OK, so we have reasonably almost halved the problem and can now focus on only a problem of $N$ multiplications, $N$ additions and the integers $2N+1, \dots, 4N+1.$ Similar to the hand-wavey arguments above, it is straightforward that $\hat{m}(N)$ has the form $$x_1 \cdot (x_2 + x_3) \cdot \cdots \cdot (x_{2N} + x_{2N+1})$$ for some choice of $x = (x_1, \dots, x_{2N+1}) \in \mathfrak{X}$ where $$\mathfrak{X} := \{ (x_1, \dots, x_{2N+1}) \in \{2N+1, \dots, 4N+1\}^{(2N+1)} \mid x_i \ne x_j, \forall i \ne j \}.$$ With all of that hand-waving done, the only thing that is left to do is decipher the appropriate, maximal assignment of the variables $x = (x_1, \dots, x_{2N+1}) \in \mathfrak{X}.$

The AM-GM inequality states the arithmetic mean of nonnegative numbers is always greater than or equal to the geometric mean of those same numbers, that is, for any positive integer $k$ and any real numbers $y_1, \dots, y_k \geq 0,$ $$\frac{y_1 + \cdots + y_k}{k} \geq \sqrt[k]{y_1 \cdot \cdots \cdot y_k}.$$ So with the help of said AM-GM inequality, for any choice of variable assignments $x = (x_1, \dots, x_{2N+1}) \in \mathfrak{X},$ \begin{align*} x_1 \cdot (x_2 + x_3) \cdot \cdots \cdot (x_{2N} + x_{2N+1}) &= x_1 \prod_{i=1}^N (x_{2i} + x_{2i+1})\\ &\leq x_1 \left( \frac{ \sum_{i=1}^N (x_{2i} + x_{2i+1}) }{ N } \right)^{N} \\ &= x_1 \left( \frac{ \sum_{i=2}^{2N+1} x_i }{N} \right)^N\\ &= x_1 \left( \frac{(2N+1)(3N+1) - x_1}{N} \right)^N,\end{align*} where the last equality comes from the fact that $\sum_{i=2N+1}^{4N+1} i = (2N+1)(3N+1).$ Since the derivative of the right-hand side of the inequality is positive whenever $x_1 \lt \frac{(2N+1)(3N+1)}{N},$ and $\frac{(2N+1)(3N+1)}{N} \gt 4N+1$ for all nonnegative integers $N,$ if we want to maximize the right-hand side of the inequality for the choice of $x_1 \in \{2N+1, \dots, 4N+1\},$ we obtain the upper bound for \begin{align*}\hat{m}(N) &\leq (4N+1) \left( \frac{(2N+1)(3N+1) - (4N+1)}{N} \right)^N\\ &= (4N+1) \left( \frac{6N^2 + 5N + 1 - (4N+1)}{N} \right)^N\\ &= (4N+1) (6N+1)^N.\end{align*} On the flip side, this upper bound is actually achieved by $\hat{x} \in \mathfrak{X}$ such that \begin{align*} \hat{x}_1 &=4N+1, \\ \hat{x}_2 &= 2N+1,\\ \hat{x}_3 &= 4N, \\ \hat{x}_4 &= 2N+2, \\ \hat{x}_5 &= 4N-1,\\ &\dots, \\ \hat{x}_{2i} &= 2N+i,\\ \hat{x}_{2i+1} &= 4N-i+1,\\ &\dots, \\ \hat{x}_{2N} &= 3N, \\ \hat{x}_{2N+1} &= 3N+1\end{align*} so we have "proven" (via some hand waving) that $$m(N) = \hat{m}(N) = (4N+1) (6N+1)^N.$$ In particular, the first few values of $m(N)$ are given by 35, 1,521, 89,167, 6,640,625, and 601,212,171 for $N= 1, 2, 3, 4,$ and $5,$ respectively. I smell a new OEIS entry coming on ...

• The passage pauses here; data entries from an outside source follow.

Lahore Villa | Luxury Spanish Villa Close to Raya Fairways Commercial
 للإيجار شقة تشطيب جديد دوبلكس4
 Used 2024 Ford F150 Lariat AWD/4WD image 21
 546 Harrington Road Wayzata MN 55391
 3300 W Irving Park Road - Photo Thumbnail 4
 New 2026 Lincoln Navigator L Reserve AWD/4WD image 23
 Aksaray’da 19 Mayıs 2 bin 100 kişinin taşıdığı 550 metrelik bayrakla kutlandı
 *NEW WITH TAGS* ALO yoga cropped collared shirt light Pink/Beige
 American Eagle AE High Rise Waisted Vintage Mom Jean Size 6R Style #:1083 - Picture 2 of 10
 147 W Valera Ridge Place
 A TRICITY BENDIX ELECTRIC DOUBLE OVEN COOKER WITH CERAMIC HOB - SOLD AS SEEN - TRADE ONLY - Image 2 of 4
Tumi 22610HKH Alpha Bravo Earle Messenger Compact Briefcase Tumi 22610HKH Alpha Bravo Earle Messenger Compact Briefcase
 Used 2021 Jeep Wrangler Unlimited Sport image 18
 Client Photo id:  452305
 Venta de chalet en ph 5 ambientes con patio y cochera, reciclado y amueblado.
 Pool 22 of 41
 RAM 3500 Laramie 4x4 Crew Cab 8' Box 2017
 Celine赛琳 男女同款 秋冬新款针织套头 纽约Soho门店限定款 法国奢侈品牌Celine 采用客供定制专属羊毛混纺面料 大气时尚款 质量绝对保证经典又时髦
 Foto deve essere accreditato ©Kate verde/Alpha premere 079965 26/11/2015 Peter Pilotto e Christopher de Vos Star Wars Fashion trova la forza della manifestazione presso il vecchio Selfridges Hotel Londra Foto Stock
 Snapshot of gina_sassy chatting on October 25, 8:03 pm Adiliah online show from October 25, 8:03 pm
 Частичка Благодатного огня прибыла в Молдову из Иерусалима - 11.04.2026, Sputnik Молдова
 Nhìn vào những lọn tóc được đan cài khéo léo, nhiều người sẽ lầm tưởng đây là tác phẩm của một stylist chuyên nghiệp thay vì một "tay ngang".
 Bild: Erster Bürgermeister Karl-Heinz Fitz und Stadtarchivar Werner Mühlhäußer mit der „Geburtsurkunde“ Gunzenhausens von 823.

New Riddle Service .... Who Dis?

N.B.Given the new iteration of the Riddler, there are those who might surmise that I would change the name of my Riddler answer blog from on of the aliases of the Batman villain to some fiddling pun, like, I'm just spitballing here, I dunno... Stradi's Various Answers Shop, but I am lazy, so Ed Nigma lives on!

Suppose I start with a strip of paper that’s 10 inches long and 1 inch wide. I twist it once and attach the two 1-inch edges together, forming a Möbius strip. Finally, I draw a dot somewhere in the center of the strip—that is, the dot is half an inch away from both edges.

Naturally, the distance between any two points on my strip is the shortest path between them, as the ant crawls. By that, I mean that such paths can go over an edge to the other “side” of the strip (“side” in quotes because it’s all really the same side, after all), just as an ant would crawl around the edge of the paper. There is a unique point on the strip that is the farthest distance from my dot. What is this distance?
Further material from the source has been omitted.